Своеобразным продолжателем его дела, соратником и одновременно антиподом Фокина стал Леонид Мясин, участвовавший в таких постановках, как “Легенда об Иосифе”, “Полночное солнце”, “Женщины в хорошем настроении” и позже скандальный “Стальной скок”. Мясин уходит в метафизическое восприятие действительности, для него искусство становится религиозным ритуалом.
Дягилев декларировал, что никогда не пойдет на поводу у вкусовщины, не пожертвует ни одним движением, ни одним звуком, ни одной краской. Ему претили “хождения в народ” Павловой, которая пыталась гастролировать одна, но не выдерживала условий, которые ставили перед ней другие импресарио, заискивавшие перед публикой. Дягилев отказывался от встреч с Айседорой Дункан, пытавшейся всеми способами создать новое поколение артистов и не обладавшей, по мнению Сергея Павловича, никакой танцевальной техникой.

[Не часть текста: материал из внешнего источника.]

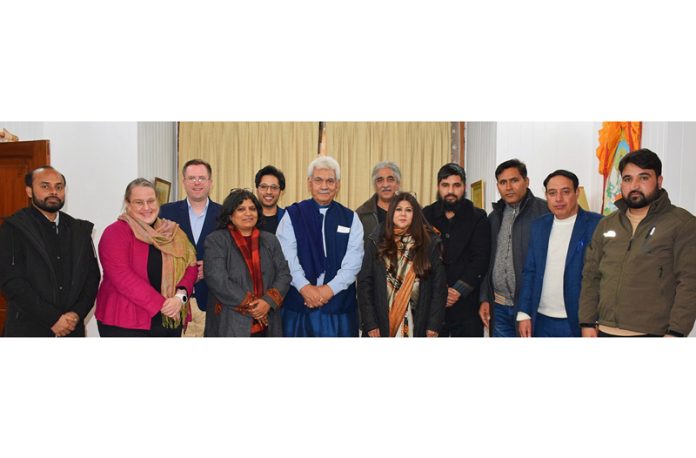 LG Manoj Sinha posing for a group photograph with delegation of intellectuals.
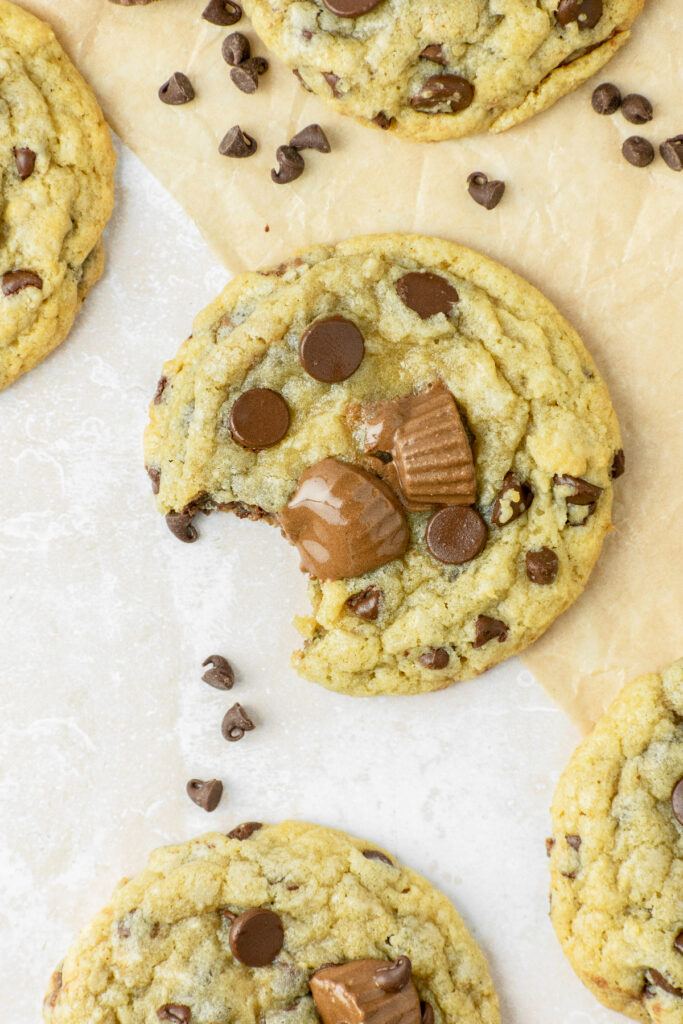 A cookie with a bite taken out of it and chocolate chips all around the parchment paper.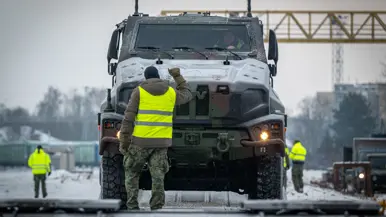 Nederlandse militairen lossen voertuigen die per trein in Litouwen zijn aangekomen. 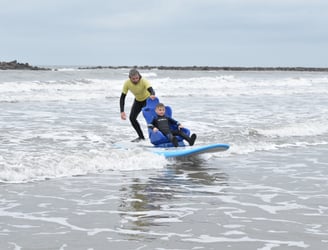 Young surfer in a seated surfboard with a coach controlling the board riding a wave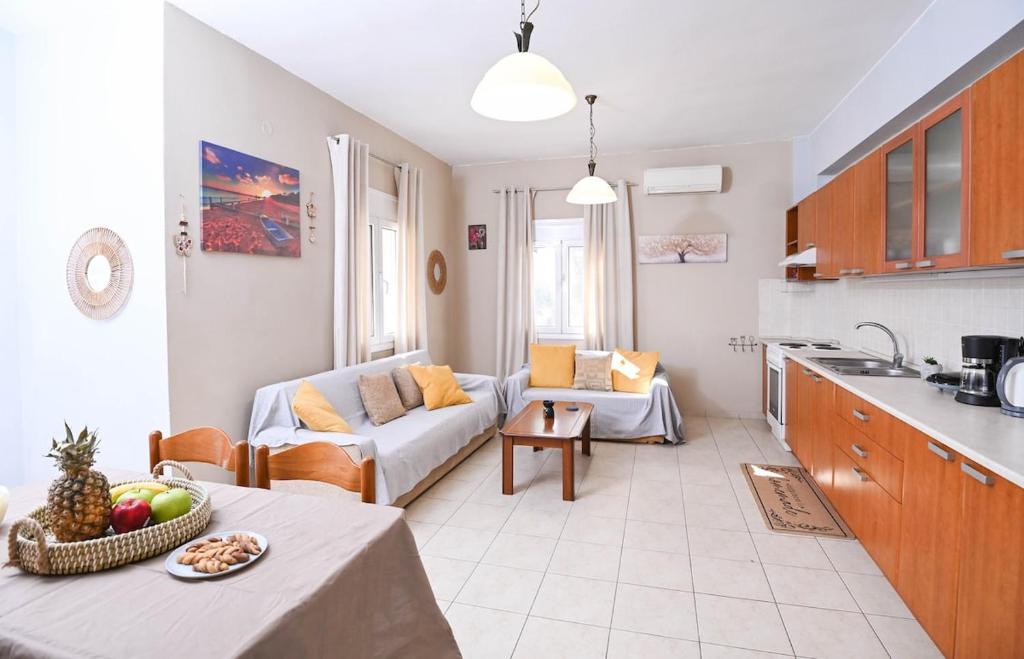a kitchen and a living room with a couch at Efrosini & Ioanna Apartment in Ligaria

Огромный портрет Дягилева кисти Сержа Лифаря, его последнего ученика, как бы парит над всеми эскизами, фотографиями, костюмами, глядя на которые не можешь не думать, что танцевать в этой невероятной красоте просто невозможно. Его взгляд обращен сверху вниз на все это великолепие. Организаторы экспозиции словно посадили самого Дягилева в лучшую ложу, с которой он может обозревать созданный им мир.
Воспоминание о Русских сезонах Дягилева вызывает не меньше эмоций и эстетического удовольствия, чем они сами много лет назад – в Париже, Монте-Карло, Вене, Будапеште, Мадриде, Лондоне… В наши дни Европа отмечает творческое столетие русского Лоренцо Медичи, родившегося в Нижнем Новгороде и одной своей волей и желанием выведшего русскую культуру из тени “экзотичности” в авангард мирового искусства.